A typical lesson is Tony playing through a tune at a reasonable speed then he breaks it down section by section. The videos are 5 to 6 minutes and there may be 3 or 4 videos for the tune. Probable a holdover from the days of slower internet. There is good camera angles on both of his hands so you can follow pretty easily. There is also tab to go along with everything. Sometimes he will give some background on the tune or talk about where he learned it, sometimes it’s just the tune. Sometimes he will focus on a particular player’s style (Earl, J.D., Bela, etc.)

I’ve worked through the beginner section and about 2/3 of the intermediate course. I think the grading is pretty accurate. I can’t comment on the advanced lessons. Maybe I can get there by 2024.
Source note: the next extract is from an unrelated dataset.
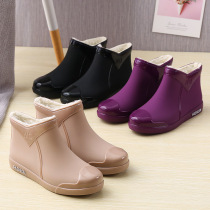 Plus velvet rain shoes womens short tube fashion rain boots warm water boots trend waterproof rubber shoes light non-slip cotton water shoes women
One other thing is that Tony continues to add new stuff to the site. I think it’s a deal at full price but I like to save a buck as much as the next guy so the occasional sales are appreciated!

JMills60 - Posted - 05/04/2023:  16:59:18


quote:

Originally posted by Ron Lacey

A typical lesson is Tony playing through a tune at a reasonable speed then he breaks it down section by section. The videos are 5 to 6 minutes and there may be 3 or 4 videos for the tune. Probable a holdover from the days of slower internet. There is good camera angles on both of his hands so you can follow pretty easily. There is also tab to go along with everything. Sometimes he will give some background on the tune or talk about where he learned it, sometimes it’s just the tune. Sometimes he will focus on a particular player’s style (Earl, J.D., Bela, etc.)
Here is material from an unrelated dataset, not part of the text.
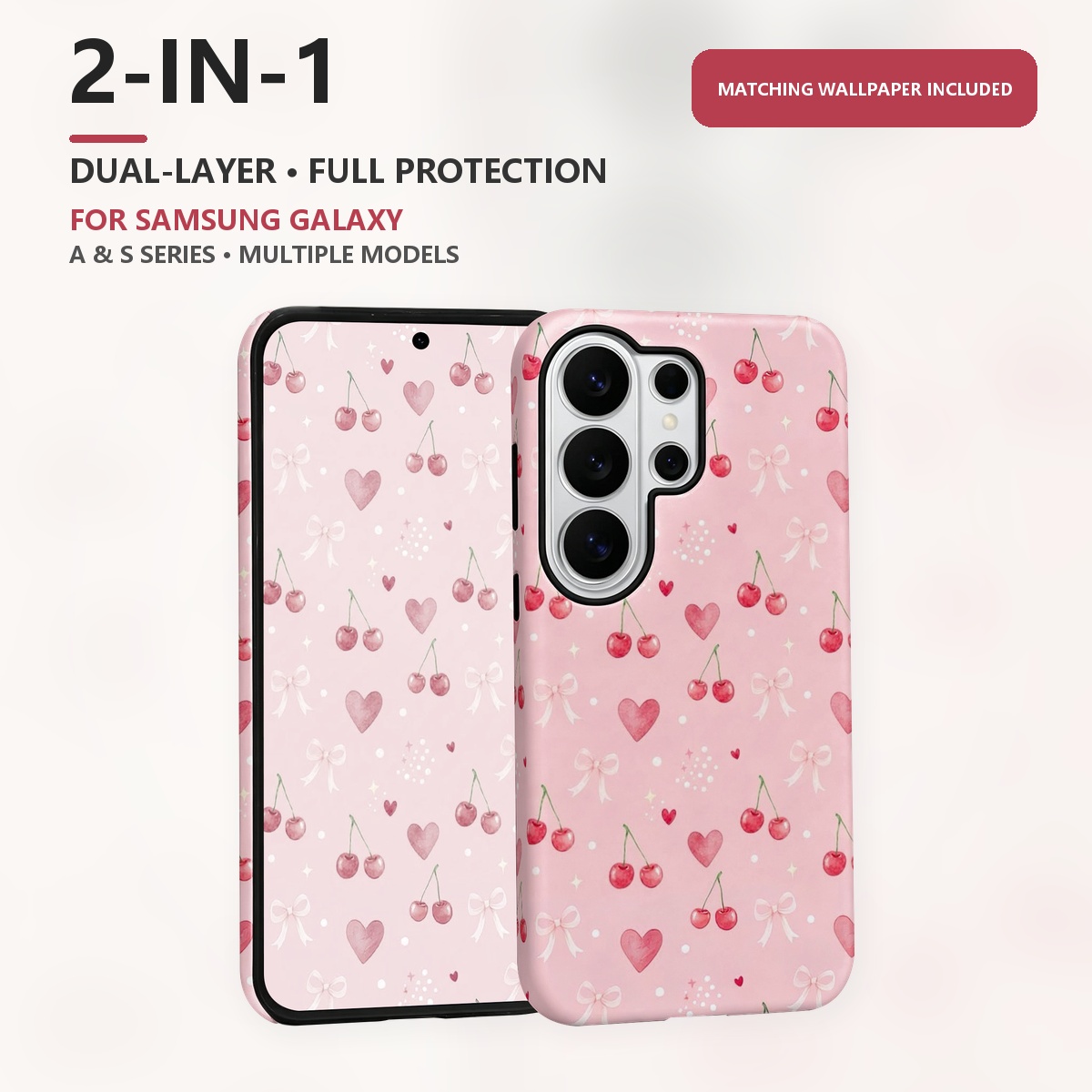 Samsung Galaxy S24 - Watercolor Cherry Hearts 2-in-1 Dual-Layer Phone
I’ve worked through the beginner section and about 2/3 of the intermediate course. I think the grading is pretty accurate. I can’t comment on the advanced lessons. Maybe I can get there by 2024.
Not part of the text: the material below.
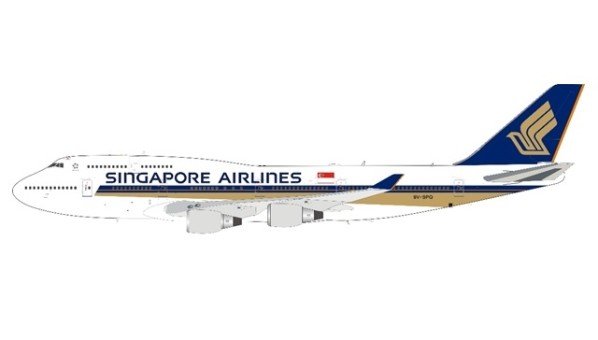 Singapore Airlines Boeing 747-400 9V-SPQ stand JFox/Inflight JF-747-4-051 scale 1:200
One other thing is that Tony continues to add new stuff to the site. I think it’s a deal at full price but I like to save a buck as much as the next guy so the occasional sales are appreciated!






Thank you Ron!

paulhealey - Posted - 05/05/2023:  06:17:12


Full disclosure, I’m a clawhammer guy. I wanted to mess around with three finger, and I signed up for an Artist Works course to do it.
Ultimately, between life commitments not giving me enough time to properly practice both styles, I stopped.
However, I thought the lessons were the best video lesson platform I had done. I tried CH lessons on Peghead Nation and on some other video platform and felt Artist Works had the best in terms of multiple angles, play along tracks, well thought out track and material.
Also, Artist Works were the only lessons where I was a true “beginner”. On the CH stuff, if I couldn’t get it from watching the video, I could listen to the video and look at the tab and figure it out fairly easily.
I’m not saying Peghead Nation and the other platform were bad (something Fire maybe?) just that they weren’t as thorough.

Old Hickory - Posted - 05/05/2023:  09:29:09


And one more bit of advice for anyone subscribing to ArtistWorks:



Be sure to make time during your membership to download everything. You can't download videos; you can only watch them online while your membership is active (unless you have some technology for capturing video). But the PDFs of the lesson tabs are yours to keep forever. So get around to grabbing them all.



I have downloaded everything, and have organized them in folders named Trischka Beginner,Trischka Intermediate, Trischka Advanced and the other categories in which the tabs appear on the site. Some of the tabs from Tony's regularly posted "Welcome Message" lessons I've put into other folders where I thought appropriate rather than just keeping them as Welcome Messages, but that's just me.  Since I did the mass download a few years back, it's been easy to keep up and just download new tabs once a year.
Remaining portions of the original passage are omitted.